Hello CF , First thing first , happy new year , May this year bring you health , happiness and successes in all you do !
i have struggled to understand Palindrome Pairs solution "in terms of bitmasks" , as i'm newbie.
i didn't thought about the iterative solution as it will be o(n^2) which will case TLE ,so i was trying to get a better solution and i wasn't able to , so i saw the solution which is something like this:
int main()
{
FastIO;
ll n ;cin >>n;
map<ll,ll> mp;
ll ans = 0;
while(n--)
{
STR s;cin>>s;
ll m = 0;
for(auto x : s)
{
ll v = x-'a';
m ^= (1 << v);
}
ans += mp[m];
for(int x = 0 ; x < 26 ; x++)
{
m ^= (1 << x);
ans += mp[m];
m ^= (1 << x);
}
mp[m]++;
}
cout << ans;
}
i don't get it , i mean i know to check if a string is a Palindrome or not we get it's mask and check it's power of 2 or not by XOR'ing the values of each char ....help
..
I didn't use masks, just used vectors
My submission
can you explain your submission , please
For a permutation to be a palindrome, there should be either no odd freq alphabet(obtained by taking each freq array twice) or exactly 1 odd freq alphabet(switching each even freq to odd and checking how many are there)
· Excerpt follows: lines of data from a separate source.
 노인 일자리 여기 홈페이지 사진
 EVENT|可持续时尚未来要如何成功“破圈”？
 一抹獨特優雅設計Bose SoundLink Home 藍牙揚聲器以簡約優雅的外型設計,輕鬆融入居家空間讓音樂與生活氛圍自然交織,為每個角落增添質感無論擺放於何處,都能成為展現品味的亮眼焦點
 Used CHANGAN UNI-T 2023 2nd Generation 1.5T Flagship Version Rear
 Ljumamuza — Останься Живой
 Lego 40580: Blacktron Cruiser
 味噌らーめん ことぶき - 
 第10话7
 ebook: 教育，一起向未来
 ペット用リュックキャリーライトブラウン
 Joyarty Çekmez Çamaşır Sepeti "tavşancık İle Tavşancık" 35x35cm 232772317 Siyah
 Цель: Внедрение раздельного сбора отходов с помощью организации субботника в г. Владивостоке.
Basically a pair is good, if it has at most one letter which has odd frequency (Because otherwise we wouldn't form a palindrome). So what we really care about is the parity of frequency of every letter. The bitmask has 1 (on position i) if it has odd frequency for i-th letter, otherwise 0. You can see that two bitmasks are good pair, if they differ on at most one position. We iterate over this position brutally and add to answer the number of pairs formed with the current string (m^(1<<x) differs exactly on one bit from m and in mp[x] we count the number of strings which have mask x so far). Of course we also add to the answer the number of the strings which have the same mask as current string.